Rimando amor e humor - como propõe um poema de Oswald de Andrade intitulado "Amor" e em cujo corpo do poema temos "apenas" a grafia da palavra "humor" -, Thiago Antunes, Daniel Lopes e Rodrigo Bittencourt têm agitado a, digamos, apolínea fase porque passa a canção popular. Ironizando o cool e suas tintas rancorosas, o Les pops investe em algo cada vez mais escasso: a capacidade de rir de si mesmo, de investir na leveza da existência, de se ouvir e de sonhar.
Isso não é pouco. Em tempos de fundamentalismos que pregam o ódio, a segregação e a discriminação, ouvir o Les pops refrigera os ânimos acesos de opiniões sobre tudo. Quero ser cool (2011) brinca com os paradigmas de uma sociedade em que todos tem algo a dizer: há excessos de lirismos vazios, de explicações mirabolantes e de nichos teóricos definidores de verdades universais. Todos querem ser cool, pois assim acreditamos estar inseridos.
Por sua vez, o disco trabalha sobre o que sobra e escapa: o olhar atento do jovem forjadamente desleixado e moderno. Claro, tudo filtrado (traduzido) pela formação de cada integrante do Les Pops, mas sem as filosofias pré-fabricadas que empesteiam as conversas dos pretensos artistas e intelectuais sempre "falando umas bobagens / sobre Nietzsche e Platão / falando de Bukowski / escalando a seleção".

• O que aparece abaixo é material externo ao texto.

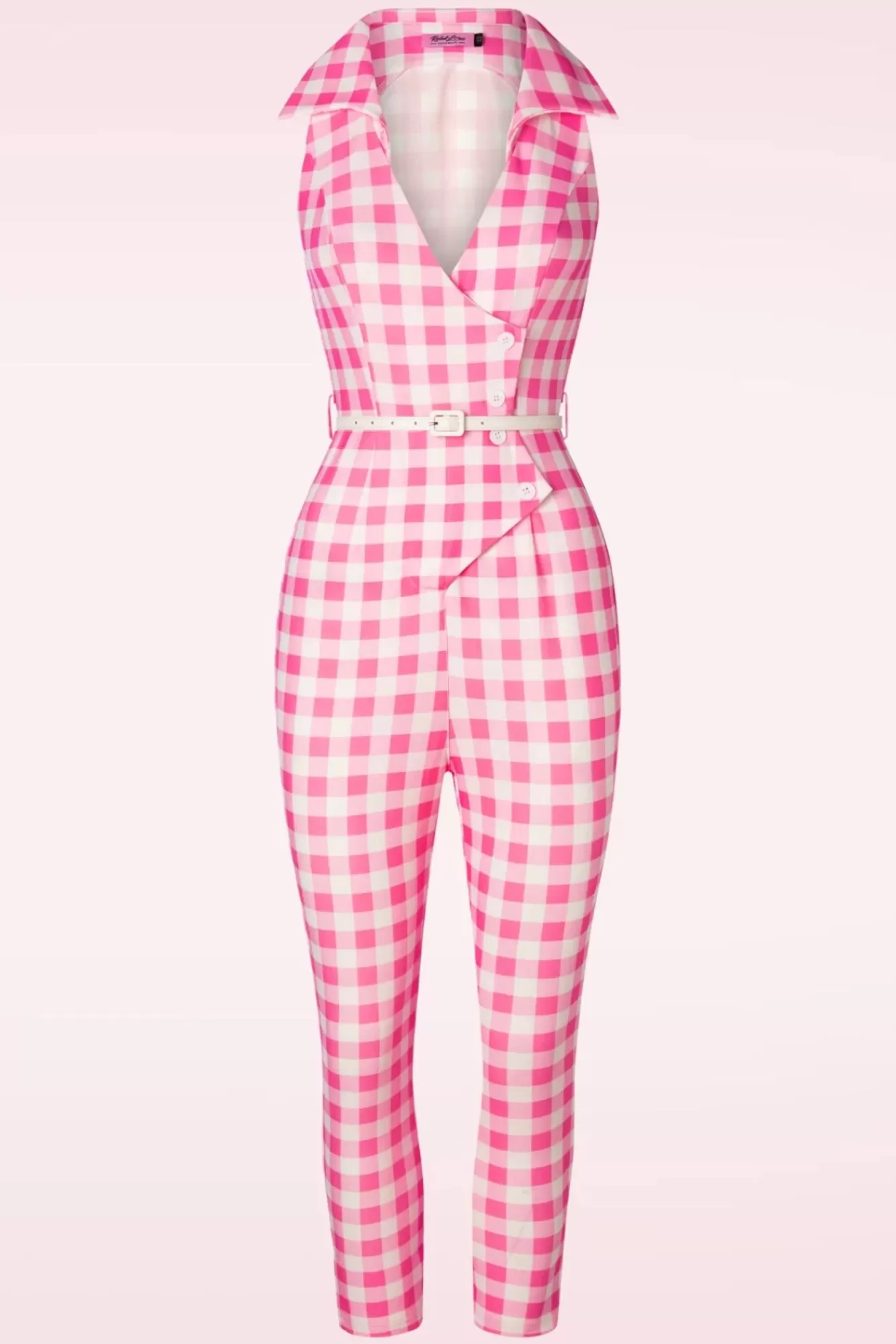 Rebel Love Clothing Midge Gingham Jumpsuit In Roze | Vrouwen Playsuits & Jumpsuits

O fato é que, unindo a outrora maldita (porque estrangeira) guitarra ao ukelele e o banjo, e tematizando o comportamento intelectual nosso de cada dia, as canções do Les Pops engendram uma pane no sistema: cantam o avesso do cinismo e suas máscaras cool.
E é justamente neste lugar que surge um pensamento sobre os modos de feitura de canção hoje. Há várias referências sonoras no disco, mas, talvez, o melhor exemplo disso seja "A canção", de Rodrigo Bittencourt.

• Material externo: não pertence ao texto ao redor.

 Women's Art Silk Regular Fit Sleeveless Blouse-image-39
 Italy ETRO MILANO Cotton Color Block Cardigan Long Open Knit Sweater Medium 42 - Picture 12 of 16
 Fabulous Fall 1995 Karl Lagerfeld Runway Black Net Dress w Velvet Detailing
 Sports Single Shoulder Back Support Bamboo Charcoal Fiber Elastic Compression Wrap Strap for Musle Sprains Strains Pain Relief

"A canção" é metacanção: canta o próprio ato cancional, além de cantar (restituir) outra: "Canção de protesto", de Caetano Veloso. Se nesta o sujeito já alertava para a profusão tupiniquim do canto dos amores fracassados - "Odeio 'As time goes by' / O manifesto / Canções de amor / Muito ciúme, muita queixa, muito 'ai' / Muita saudade, muito coração” -, o sujeito criado por Rodrigo , citando o outro, aponta: "A canção cansou de chorar no refrão / A canção não quer mais tocar / Cansou de não ter o que falar".
Enquanto o sujeito de Caetano conclui: "É o abusar de um santo nome em vão / Ou a santificação de uma banalidade / Eu queria o canto justo na verdade / Da liberdade só do canto / Tenra, limpa, lúcida, e no entanto / Sei que só sei querer viver / De amor e música"; mexendo na ferida, o sujeito do Les Pops sugere: “A canção cansou de dizer coração / A canção cansou de sofrer por paixão / A canção cansou de chorar no refrão / A canção não quer mais tocar / Cansou de não ter o que falar”.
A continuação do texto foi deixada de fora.